From the entries that follow, pick out all lines holding "Used".

Stored items from a collection:
"""

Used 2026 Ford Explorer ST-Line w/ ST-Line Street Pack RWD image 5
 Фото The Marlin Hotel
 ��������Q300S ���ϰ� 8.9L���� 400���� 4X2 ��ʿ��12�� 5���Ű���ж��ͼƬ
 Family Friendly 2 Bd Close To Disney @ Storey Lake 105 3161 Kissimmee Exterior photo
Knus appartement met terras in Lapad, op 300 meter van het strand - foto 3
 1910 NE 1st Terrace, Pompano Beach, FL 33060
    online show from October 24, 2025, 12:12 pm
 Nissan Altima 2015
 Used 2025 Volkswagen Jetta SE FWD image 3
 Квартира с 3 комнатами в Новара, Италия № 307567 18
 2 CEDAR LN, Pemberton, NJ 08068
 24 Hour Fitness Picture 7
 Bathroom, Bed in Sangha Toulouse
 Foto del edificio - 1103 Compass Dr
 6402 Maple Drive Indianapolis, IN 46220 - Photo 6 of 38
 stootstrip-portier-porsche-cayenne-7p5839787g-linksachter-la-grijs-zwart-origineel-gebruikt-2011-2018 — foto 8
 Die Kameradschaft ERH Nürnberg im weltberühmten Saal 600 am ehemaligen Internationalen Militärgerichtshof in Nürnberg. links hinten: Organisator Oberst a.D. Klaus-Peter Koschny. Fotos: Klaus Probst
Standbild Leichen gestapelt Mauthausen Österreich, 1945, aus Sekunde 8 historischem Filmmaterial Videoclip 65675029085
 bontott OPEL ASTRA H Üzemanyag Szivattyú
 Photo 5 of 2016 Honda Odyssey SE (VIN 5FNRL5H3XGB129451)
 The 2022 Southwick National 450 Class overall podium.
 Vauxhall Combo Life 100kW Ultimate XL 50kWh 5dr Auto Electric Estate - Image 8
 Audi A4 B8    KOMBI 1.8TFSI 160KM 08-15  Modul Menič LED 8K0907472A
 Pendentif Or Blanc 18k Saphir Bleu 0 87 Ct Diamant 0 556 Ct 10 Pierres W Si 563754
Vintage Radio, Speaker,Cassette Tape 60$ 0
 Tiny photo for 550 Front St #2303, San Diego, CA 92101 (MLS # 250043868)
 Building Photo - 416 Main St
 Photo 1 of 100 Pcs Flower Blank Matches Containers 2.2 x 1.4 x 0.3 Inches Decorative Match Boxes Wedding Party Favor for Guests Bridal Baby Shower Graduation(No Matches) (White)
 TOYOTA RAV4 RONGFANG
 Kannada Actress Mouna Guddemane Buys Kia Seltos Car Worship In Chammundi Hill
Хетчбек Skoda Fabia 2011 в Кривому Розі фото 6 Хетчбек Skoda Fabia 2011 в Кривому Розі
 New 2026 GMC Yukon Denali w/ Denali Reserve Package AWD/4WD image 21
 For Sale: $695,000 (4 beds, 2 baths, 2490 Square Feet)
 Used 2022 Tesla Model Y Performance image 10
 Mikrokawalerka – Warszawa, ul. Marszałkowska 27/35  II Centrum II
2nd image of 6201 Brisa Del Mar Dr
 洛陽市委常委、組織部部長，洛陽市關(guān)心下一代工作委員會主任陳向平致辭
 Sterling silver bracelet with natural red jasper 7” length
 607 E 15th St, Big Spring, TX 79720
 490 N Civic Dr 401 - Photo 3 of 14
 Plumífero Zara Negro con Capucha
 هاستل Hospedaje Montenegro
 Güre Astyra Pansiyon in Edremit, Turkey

"""

[YOUR RESPONSE]:
Used 2026 Ford Explorer ST-Line w/ ST-Line Street Pack RWD image 5
 Used 2025 Volkswagen Jetta SE FWD image 3
 Used 2022 Tesla Model Y Performance image 10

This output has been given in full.